__TASK TO CARRY OUT__: Repeat everything in the data exactly except images.

__GIVEN MATERIAL__:
....

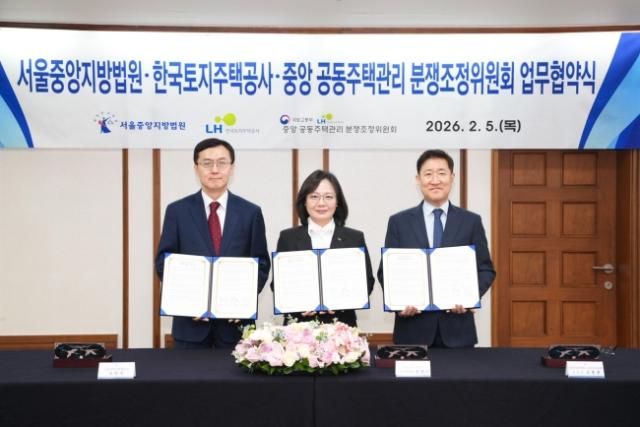 NSP통신-2월 5일 서울중앙지방법원 동관 14층 소회의실에서 오민석 서울중앙지방법원장(왼쪽), 조경숙 LH 사장 직무대행(가운데), 조홍준 중앙 공동주택관리 분쟁조정위원회 위원장(오른쪽)이 업무협약 기념사진을 촬영하고 있다. (사진 = 한국토지주택공사.)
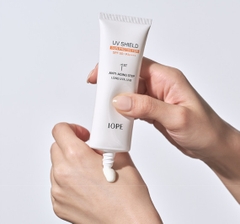 (Mẫu đổi mới) Kem chống nắng chống oxy hóa chống lại tia UV mạnh bụi mịn và ánh sáng xanh Iope UV Shield Sun Protector SPF 50+ PA++++ 50ml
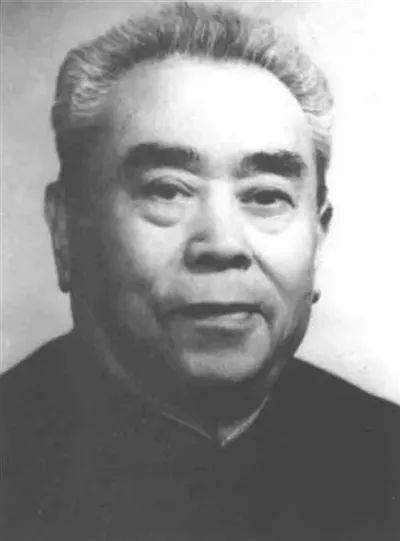 朱学范（全国人大常委会原副委员长、民革中央原主席）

....

__RESULT OF THE TASK__:
 NSP통신-2월 5일 서울중앙지방법원 동관 14층 소회의실에서 오민석 서울중앙지방법원장(왼쪽), 조경숙 LH 사장 직무대행(가운데), 조홍준 중앙 공동주택관리 분쟁조정위원회 위원장(오른쪽)이 업무협약 기념사진을 촬영하고 있다. (사진 = 한국토지주택공사.)
 (Mẫu đổi mới) Kem chống nắng chống oxy hóa chống lại tia UV mạnh bụi mịn và ánh sáng xanh Iope UV Shield Sun Protector SPF 50+ PA++++ 50ml
 朱学范（全国人大常委会原副委员长、民革中央原主席）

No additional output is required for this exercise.